Source code for equisolve.utils.split_data

# -*- Mode: python; tab-width: 4; indent-tabs-mode:nil; coding:utf-8 -*-
#
# Copyright (c) 2023 Authors and contributors
# (see the AUTHORS.rst file for the full list of names)
#
# Released under the BSD 3-Clause "New" or "Revised" License
# SPDX-License-Identifier: BSD-3-Clause
"""
Module for splitting lists of :py:class:`TensorMap` objects into multiple
:py:class:`TensorMap` objects along a given axis.
"""
from typing import List, Optional, Tuple, Union

import metatensor
import numpy as np
from metatensor import Labels, TensorMap



[docs]
def split_data(
    tensors: Union[List[TensorMap], TensorMap],
    axis: str,
    names: Union[List[str], str],
    n_groups: int,
    group_sizes: Optional[Union[List[int], List[float]]] = None,
    seed: Optional[int] = None,
) -> Tuple[List[List[TensorMap]], List[Labels]]:
    """
    Splits a list of :py:class:`TensorMap` objects into multiple
    :py:class:`TensorMap` objects along a given axis.
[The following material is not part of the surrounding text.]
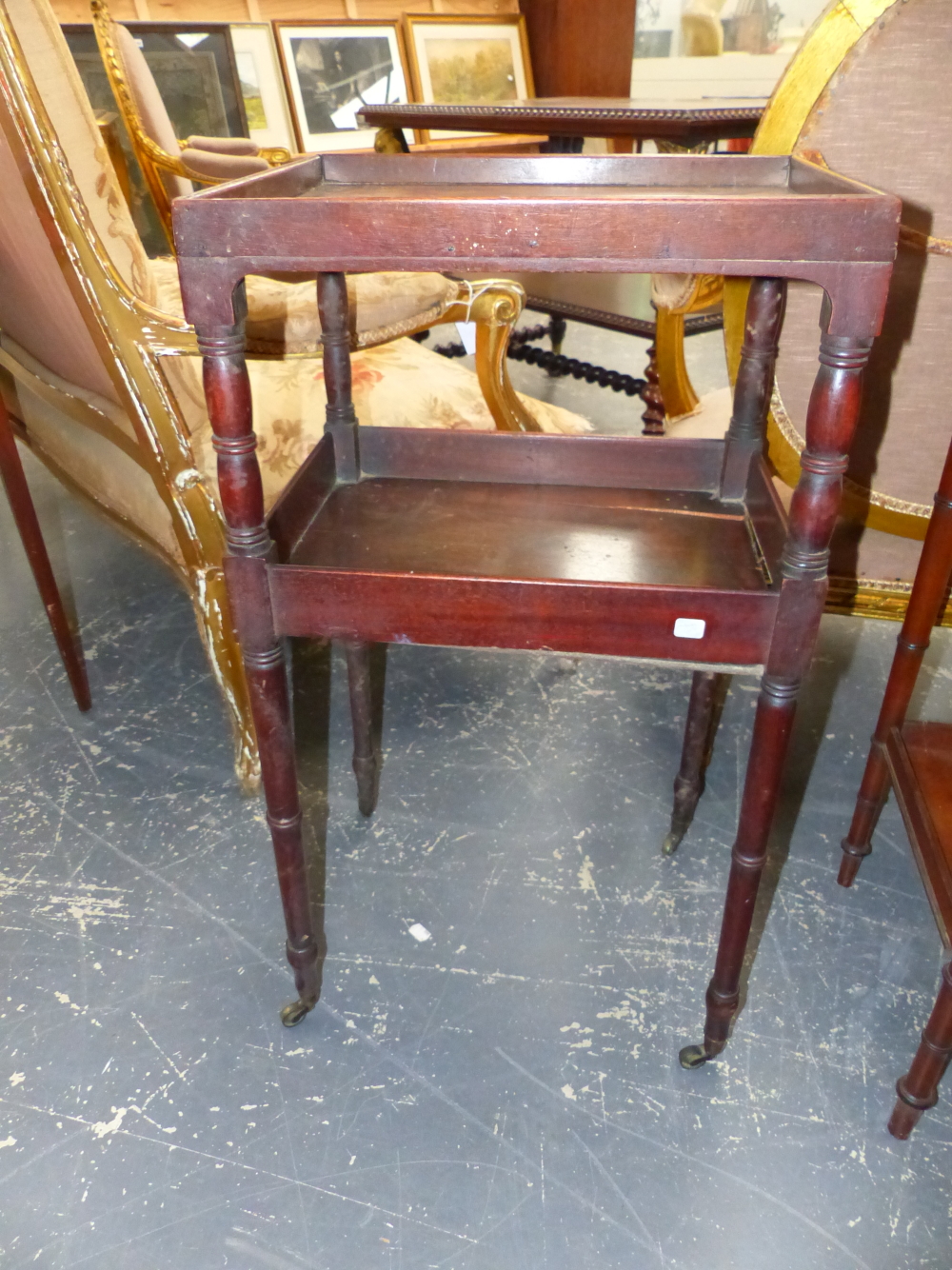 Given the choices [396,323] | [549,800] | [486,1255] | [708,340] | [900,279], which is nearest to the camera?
[486,1255]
    For either the "samples" or "properties" `axis`, the unique indices for the
    specified metadata `name` are found. If `seed` is set, the indices are
    shuffled. Then, they are divided into `n_groups`, where the sizes of the
    groups are specified by the `group_sizes` argument.

    These grouped indices are then used to split the list of input tensors. The
    split tensors, along with the grouped labels, are returned. The tensors are
    returned as a list of list of :py:class:`TensorMap` objects.

    Each list in the returned :py:class:`list` of :py:class:`list` corresponds
    to the split :py:class`TensorMap` at the same position in the input
    `tensors` list. Each nested list contains :py:class:`TensorMap` objects that
    share no common indices for the specified `axis` and `names`. However, the
    metadata on all other axes (including the keys) will be equivalent.

    The passed list of :py:class:`TensorMap` objects in `tensors` must have the
    same set of unique indices for the specified `axis` and `names`. For
    instance, if passing an input and output tensor for splitting (i.e. as used
    in supervised machine learning), the output tensor must have structure
    indices 0 -> 10 if the input tensor does.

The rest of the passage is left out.